- Patpat Location within Mindanao mainland Patpat Location within Philippines
- Coordinates: 8°11′45.6″N 125°3′50.4″E﻿ / ﻿8.196000°N 125.064000°E
- Country: Philippines
- Province: Bukidnon
- City: Malaybalay
- Districts: North Highway District

Government
- • Type: Barangay Council
- • Body: Sangguniang Barangay
- • Chairman: Renante M. Okit

Area
- • Total: 46.92 km^{2} (18.12 sq mi)
- Elevation: 855 m (2,805 ft)

Population (2015)
- • Total: 3,833
- • Density: 81.69/km^{2} (211.6/sq mi)
- PSGC: 101312025.
- IRA (2020): Php 4,180,576

= Patpat =

Patpat is the de facto name for barangay Lapu-Lapu of Malaybalay City, Philippines.
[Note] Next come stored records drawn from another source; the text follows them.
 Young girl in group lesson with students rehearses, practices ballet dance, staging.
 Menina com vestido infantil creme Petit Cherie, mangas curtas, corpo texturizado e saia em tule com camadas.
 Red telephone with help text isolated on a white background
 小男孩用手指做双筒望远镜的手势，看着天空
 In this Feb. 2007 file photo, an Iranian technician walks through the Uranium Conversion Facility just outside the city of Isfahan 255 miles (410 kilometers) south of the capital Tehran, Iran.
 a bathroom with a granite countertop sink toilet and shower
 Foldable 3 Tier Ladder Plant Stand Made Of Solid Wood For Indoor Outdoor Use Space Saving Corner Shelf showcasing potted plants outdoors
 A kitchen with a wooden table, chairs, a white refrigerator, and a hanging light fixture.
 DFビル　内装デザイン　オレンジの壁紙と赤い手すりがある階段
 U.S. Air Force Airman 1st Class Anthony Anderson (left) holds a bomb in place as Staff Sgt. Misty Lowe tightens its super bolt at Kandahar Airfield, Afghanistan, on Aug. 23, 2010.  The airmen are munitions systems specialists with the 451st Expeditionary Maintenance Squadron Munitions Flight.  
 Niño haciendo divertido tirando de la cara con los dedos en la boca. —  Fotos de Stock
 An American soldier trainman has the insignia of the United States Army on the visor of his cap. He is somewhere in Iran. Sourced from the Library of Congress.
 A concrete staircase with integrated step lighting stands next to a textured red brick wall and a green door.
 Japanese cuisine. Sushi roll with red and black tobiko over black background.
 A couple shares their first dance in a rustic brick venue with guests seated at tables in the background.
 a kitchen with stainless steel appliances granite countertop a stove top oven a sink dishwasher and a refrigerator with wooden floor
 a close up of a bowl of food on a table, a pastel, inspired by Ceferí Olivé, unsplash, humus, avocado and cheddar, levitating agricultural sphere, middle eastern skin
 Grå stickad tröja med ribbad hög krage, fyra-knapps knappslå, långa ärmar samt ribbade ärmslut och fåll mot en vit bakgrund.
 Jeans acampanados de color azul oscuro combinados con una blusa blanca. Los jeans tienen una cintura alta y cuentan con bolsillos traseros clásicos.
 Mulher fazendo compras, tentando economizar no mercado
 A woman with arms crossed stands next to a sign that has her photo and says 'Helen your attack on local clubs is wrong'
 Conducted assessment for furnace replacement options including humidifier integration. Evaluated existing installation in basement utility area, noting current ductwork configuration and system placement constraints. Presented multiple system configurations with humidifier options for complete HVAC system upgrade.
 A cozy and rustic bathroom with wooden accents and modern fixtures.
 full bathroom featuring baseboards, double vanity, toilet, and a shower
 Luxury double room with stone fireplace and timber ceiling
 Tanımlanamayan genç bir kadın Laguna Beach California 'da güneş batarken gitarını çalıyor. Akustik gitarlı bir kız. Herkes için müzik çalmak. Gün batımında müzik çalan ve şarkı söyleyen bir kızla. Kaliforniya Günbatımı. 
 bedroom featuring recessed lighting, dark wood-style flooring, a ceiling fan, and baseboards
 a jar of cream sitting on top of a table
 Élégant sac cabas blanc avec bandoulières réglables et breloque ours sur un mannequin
As of the 2015 census, it has a population of 3,833 people.

== About ==
Patpat is located in the North Highway District and is bounded to the north by Impalutao of the Municipality of Impasug-ong, to the east and south by Kalasungay, to and to the west by Dalwangan. It is characterized by undulating plains in the south and a mountainous terrain in the north, dotted with waterfalls such as the Tugisan and Salaysay (Migue) falls. The bulk of Patpat's territory is grassland and is classified as agricultural land. According to the 2012-2022 Comprehensive Land Use Plan of the city government, Patpat is reclassified into an agri-industrial cluster to host poultry and hog farms. There is one public elementary school; secondary education is provided by schools in neighboring Kalasungay and Dalwangan, with some students even enrolling in the schools in Poblacion

The barangay was renamed into Lapu-Lapu in 1967 by virtue of Republic Act No. 5087 but the name Patpat is still commonly used and the renaming is unknown to most of the residents. Therefore, in all government documents, the village is designated as Patpat with the de jure name Lapu-Lapu in parentheses.